I can’t remember when I first heard or saw Hillary Clinton. It might have been in 1995 during her famous “Women’s Rights are Human Rights” speech in Beijing, or it most likely would have been during the whole Bill Clinton/Monica Lewinksy debacle in 1998. Even then, as a fourteen year-old, Hillary’s true essence didn’t really connect with me, I just remembered her as the unusual American woman who forgave her straying husband after a highly publicised encounter.
10 years later, she would pop up again on my radar in 2008, when she was up against Barack Obama for President of The United States. Prior to that, I hadn’t followed her work as Senator, or any of the bills she’d agitated for, or even her personal life. I was 24 years old at this time, and only becoming aware of myself as a woman; so again, I didn’t really pay her attention. I liked Barack Obama; he was black, half African, talked a good game, and was so damn fine – so of course, I supported him. In fact, I was a little miffed at the extent to which Hillary gave him a tough time.
“I mean, does she think this Presidency belongs to the Clintons? I thought.
I didn’t know anything about politics, policy, or diplomacy, and I honestly didn’t care. I was so glad when Barack Obama was sworn in as President in 2009. I remember watching it on television, and crying big, hiccupy tears. Call me emotional, but I honestly never believed that a black man would become President. Ever. In the same year, Barack would announce Hillary Clinton as his Secretary of State, I thought: “probably politics,” and then moved on.
Sometime in 2012, I walked into Laterna Ventures looking for a book about women in the work place, and one of the attendants told me to go to the second floor. “There are some interesting ones there.” So I go in, look around, but nothing is really jumping out at me, and then I spot Hillary Clinton’s ‘Living History.’
“Ah! See this woman o! She might have useful things to say” I think to myself, and go ahead and buy the book. I’m 28 years old now, and have had my fair share of trying to find my place in the world. I buy the book, but don’t read it till about 5 months later. And when I do, I don’t stop. I can’t. The more I read the book, the more I feel like this woman right here is a kindred spirit. She talks about her life growing up, attending Wellesley College, being politically aware, dating Bill Clinton, and eventually marrying him (after he asked three times!). The book is a treasure trove of information. In a chapter, she talks about the rage and hurt she felt when Bill finally fessed up to his indiscretion with Monica Lewinksy. I remember thinking: “wow, I know how that feels.” She talked about her decision to forgive and move forward, and how that wasn’t an easy choice, but one she felt convicted to do.

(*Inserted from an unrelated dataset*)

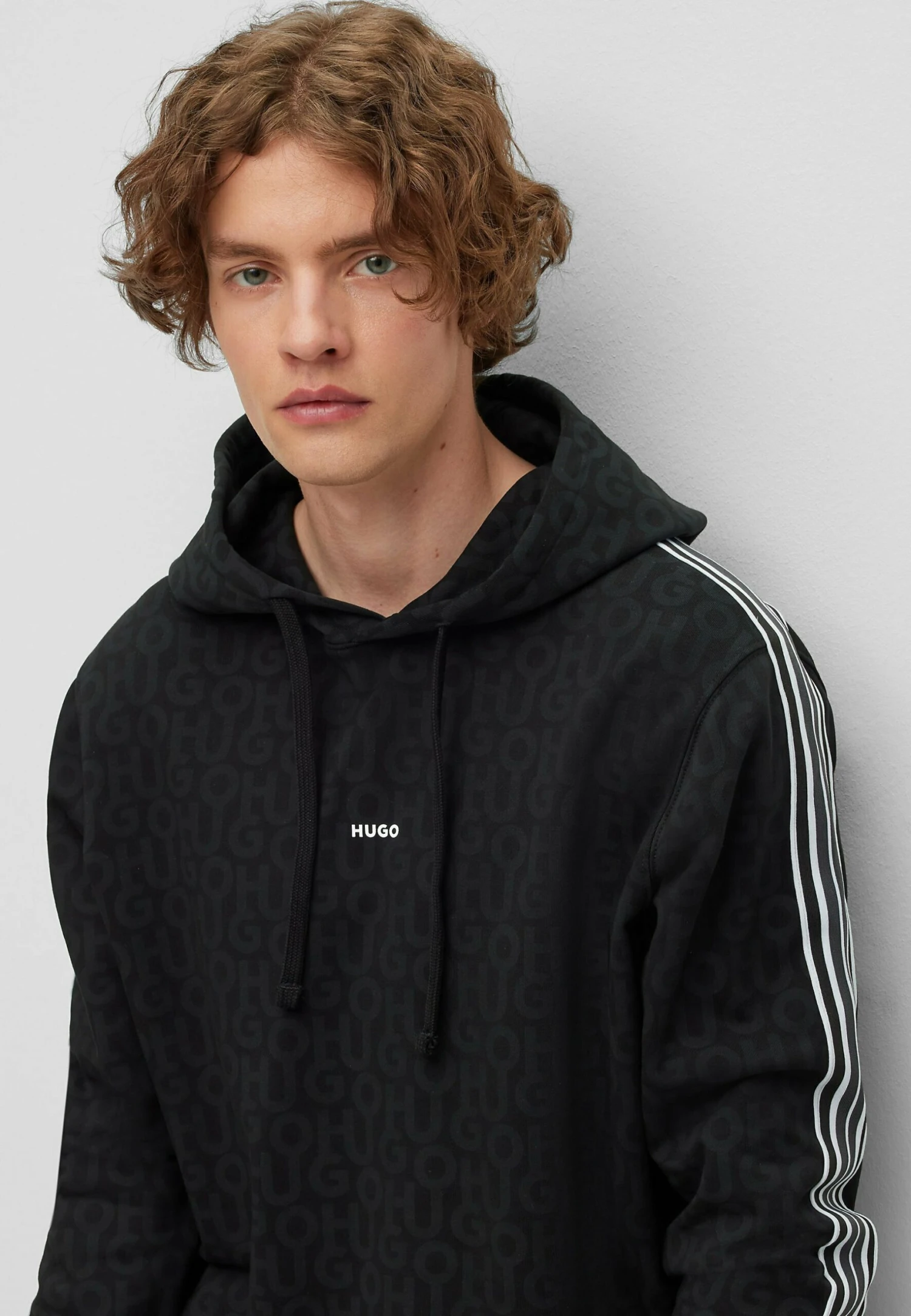 Hugo Dinlan - Hoodie - Charcoal 6 Hugo Dinlan - Hoodie - Charcoal - Image 4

There’s a particular chapter where she talks about being stuck in traffic somewhere in Washington, on her way to the Capitol Hill for an event. She gets so frustrated sitting in traffic, that she leaps out of the car… without shoes, breaking protocol, and making the Secret Service run after her in horror. This particular scene makes me chortle and laugh loudly because I recognize myself in this impulsive, protocol-breaker, impatient woman. Hillary Clinton makes me comfortable to be me. I recognize someone who didn’t care too much about public opinion, because she was so busy getting shit done. I recognize a woman who was (and still is) an incredible advocate for children and women’s rights, someone who worked passionately and determinedly for things she believed in. And I looked at her and I saw hope for myself. From that moment on, I became unrepentantly #TeamHillary.
Last month, I began reading her second memoir “Hard Choices,” and I became even more convinced that she was the best qualified candidate to become POTUS. No one in recent times, has her range of experience in statesmanship, diplomacy, politics and policy. But beyond that, Hillary shows us all, what is possible. You see, if you’ve ever been called “too much” or even, “not enough,” then you have more in common with Hillary Clinton than you can ever imagine. If you’ve been criticized for being too different, too dramatic, not friendly enough, too loud, too ambitious, too stubborn, then HRC is your patron saint.
Hillary Clinton’s journey to becoming the 45th President of the United States was dogged with so much scrutiny and nastiness. Her hair, her laugh, her health, her marriage, her child, her home, her work, her career, everything was picked apart – but still she kept moving forward, showing the strength of her ideas and power. If that isn’t leadership, that sort of dogged, focused, strategic, resilient vision, then I don’t know what is.
But best of all, she’s shown all those who’ve ever been labelled “contrary” or “different” that there is indeed hope to become something phenomenal. Congratulations Hillary, you absolutely deserve this position, I hope the years are a bit kind and fulfilling. From one different girl to the other, “thank you for all that you are. You absolutely totally rock!”